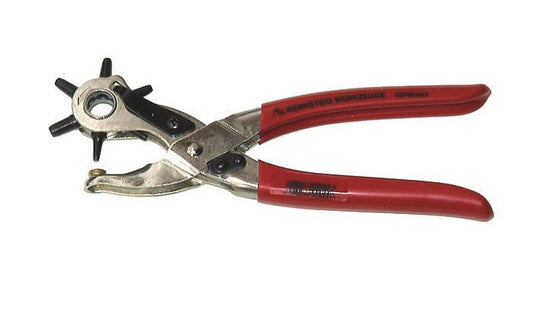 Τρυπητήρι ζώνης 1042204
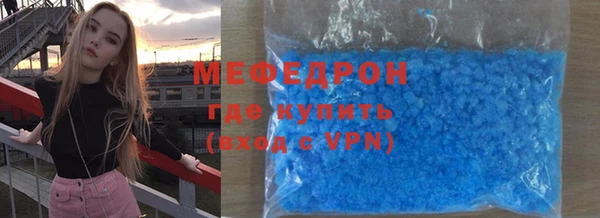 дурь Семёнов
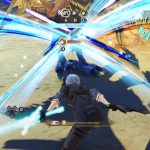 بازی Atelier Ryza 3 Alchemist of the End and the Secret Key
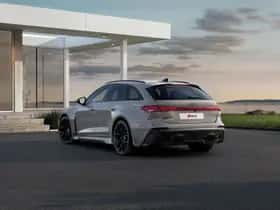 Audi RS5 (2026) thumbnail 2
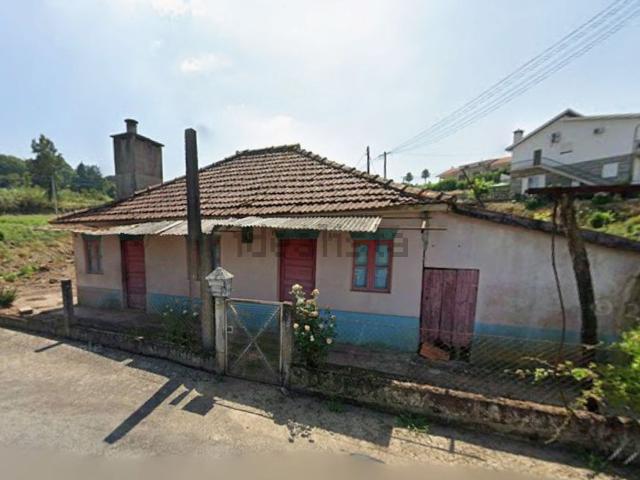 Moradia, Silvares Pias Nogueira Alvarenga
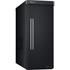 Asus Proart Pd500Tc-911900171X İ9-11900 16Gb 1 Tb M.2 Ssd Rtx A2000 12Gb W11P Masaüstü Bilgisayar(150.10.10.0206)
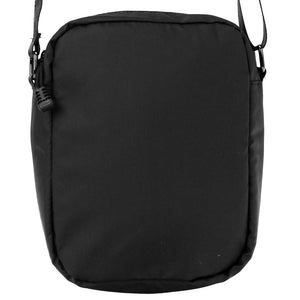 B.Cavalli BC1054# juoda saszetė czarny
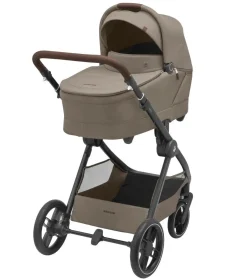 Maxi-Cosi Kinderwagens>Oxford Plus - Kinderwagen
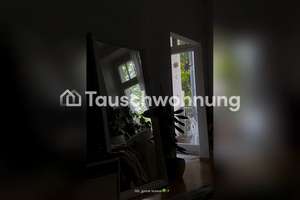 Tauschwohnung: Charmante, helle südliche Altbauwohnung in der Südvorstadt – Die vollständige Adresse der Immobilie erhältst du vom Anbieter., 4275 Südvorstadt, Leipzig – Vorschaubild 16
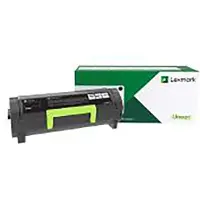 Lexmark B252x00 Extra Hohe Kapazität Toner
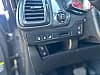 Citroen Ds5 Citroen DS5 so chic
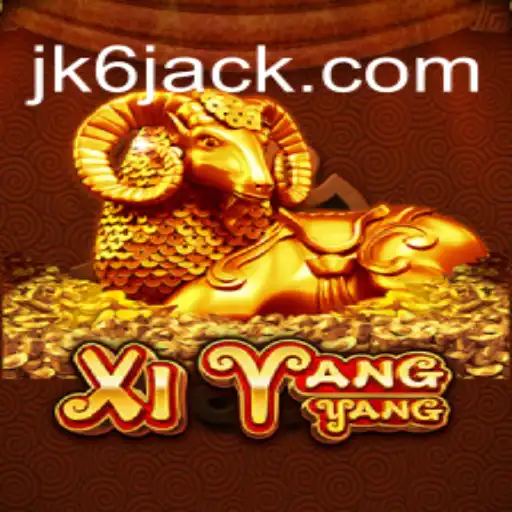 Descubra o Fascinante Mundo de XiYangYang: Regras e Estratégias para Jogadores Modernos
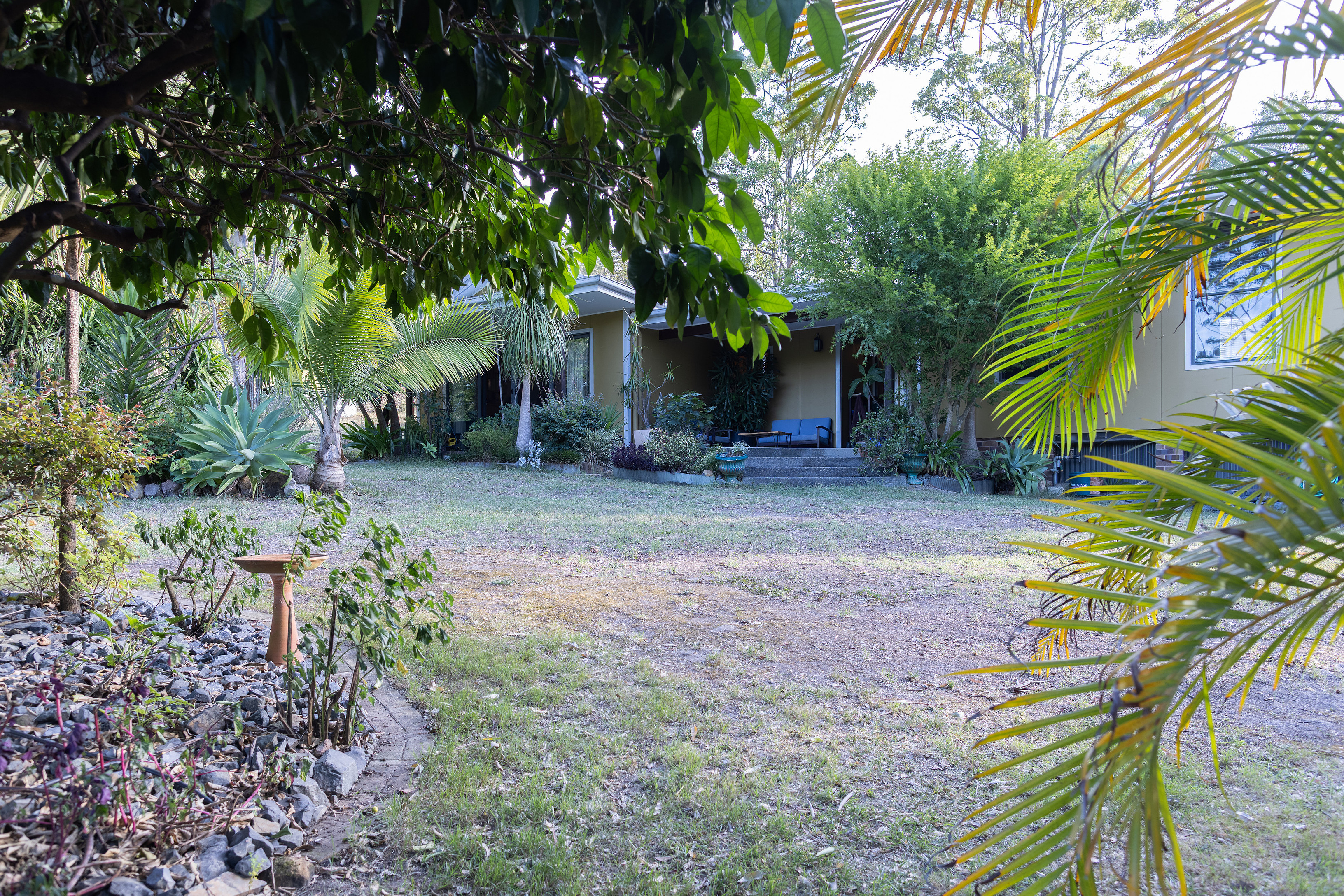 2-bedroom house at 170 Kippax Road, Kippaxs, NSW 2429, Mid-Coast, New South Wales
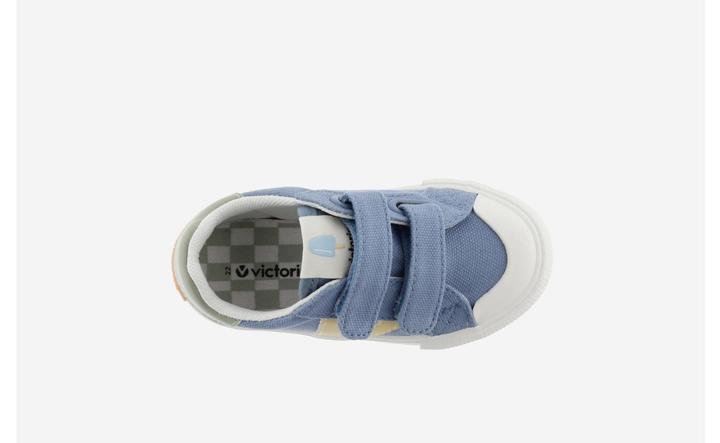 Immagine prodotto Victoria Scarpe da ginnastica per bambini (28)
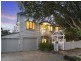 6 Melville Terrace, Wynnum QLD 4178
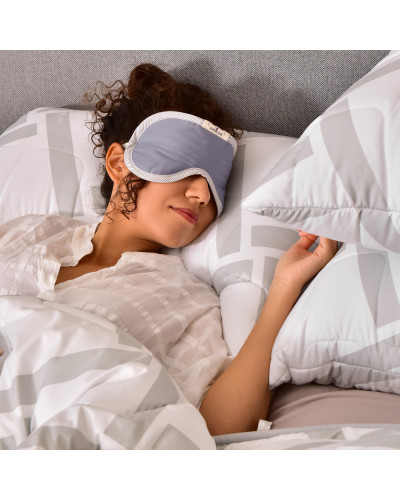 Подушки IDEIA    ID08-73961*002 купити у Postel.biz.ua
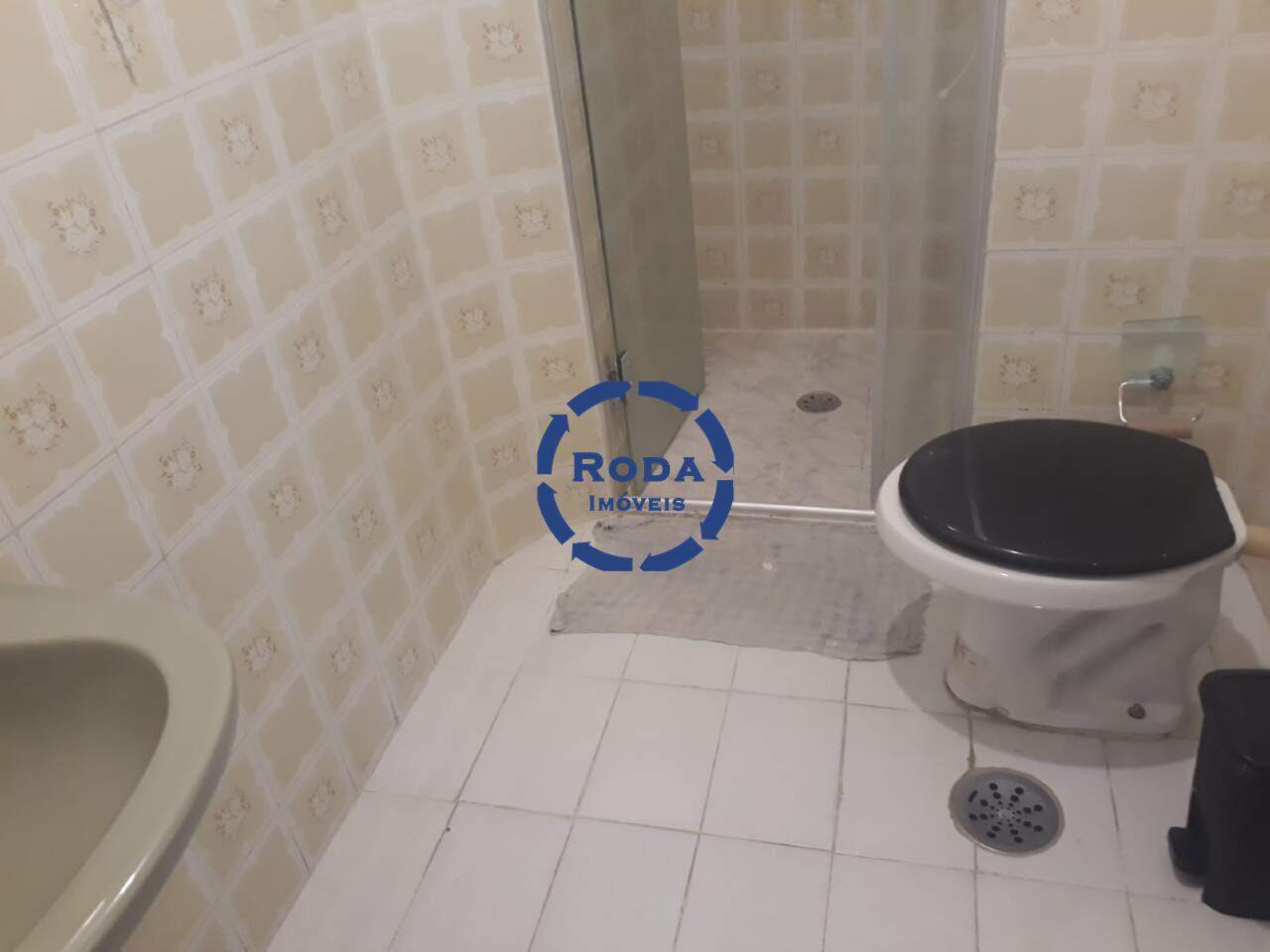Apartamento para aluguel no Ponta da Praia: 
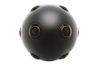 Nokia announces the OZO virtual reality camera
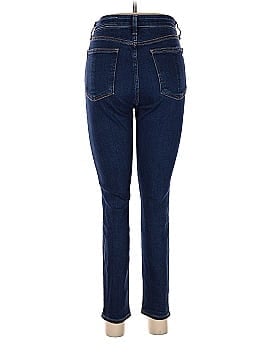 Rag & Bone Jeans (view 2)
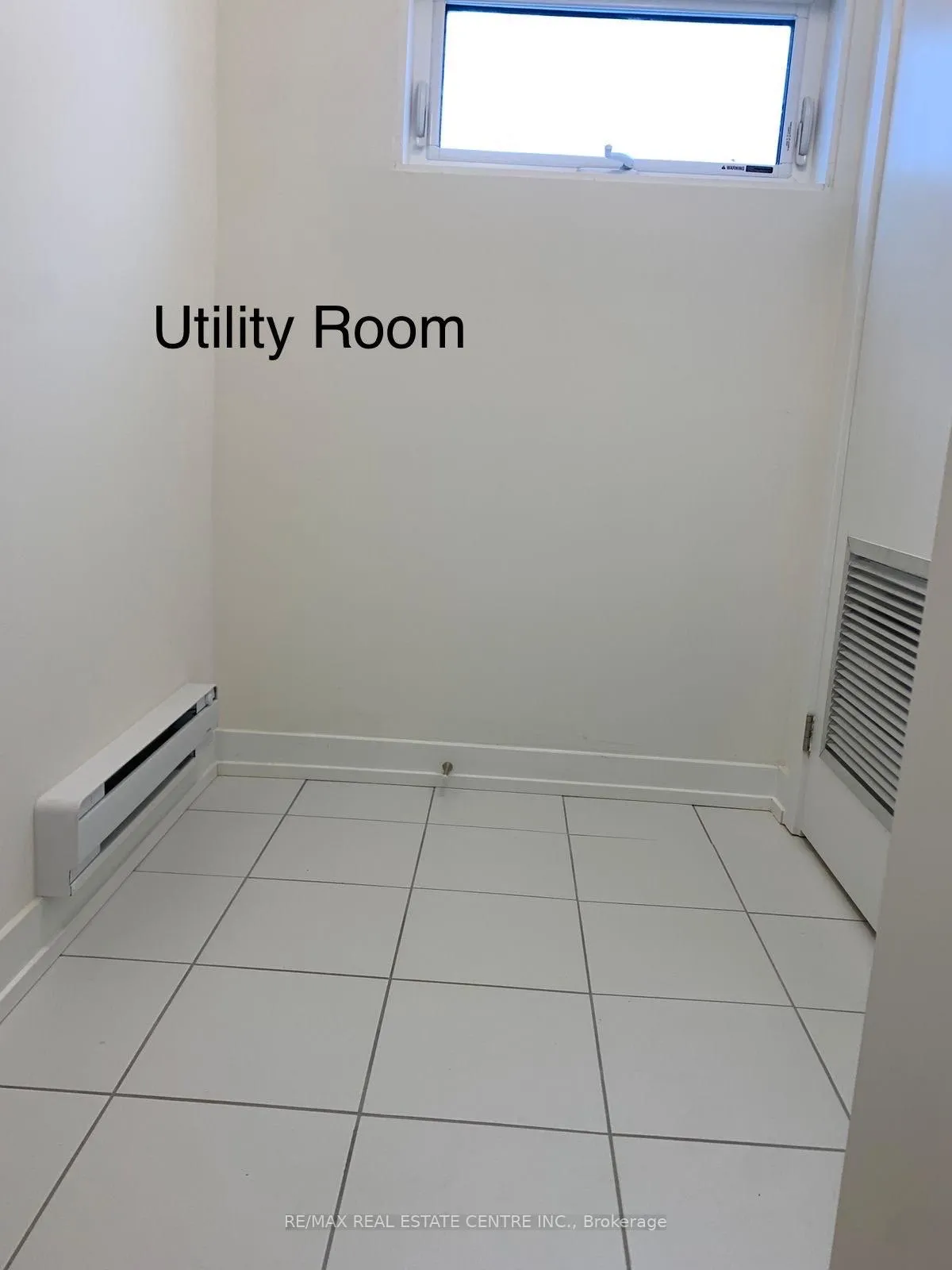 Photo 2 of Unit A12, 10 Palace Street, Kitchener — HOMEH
----
| What is expected |
Each line from the one holding "Lexmark B252x00 Extra Hohe Kapazität Toner" through the end of the listing is to be output exactly, both ends included, with no other lines and the pictures left out.

| Result of this task |
 Lexmark B252x00 Extra Hohe Kapazität Toner
 Citroen Ds5 Citroen DS5 so chic
 Descubra o Fascinante Mundo de XiYangYang: Regras e Estratégias para Jogadores Modernos
 2-bedroom house at 170 Kippax Road, Kippaxs, NSW 2429, Mid-Coast, New South Wales
 Immagine prodotto Victoria Scarpe da ginnastica per bambini (28)
 6 Melville Terrace, Wynnum QLD 4178
 Подушки IDEIA    ID08-73961*002 купити у Postel.biz.ua
Apartamento para aluguel no Ponta da Praia: 
 Nokia announces the OZO virtual reality camera
 Rag & Bone Jeans (view 2)
 Photo 2 of Unit A12, 10 Palace Street, Kitchener — HOMEH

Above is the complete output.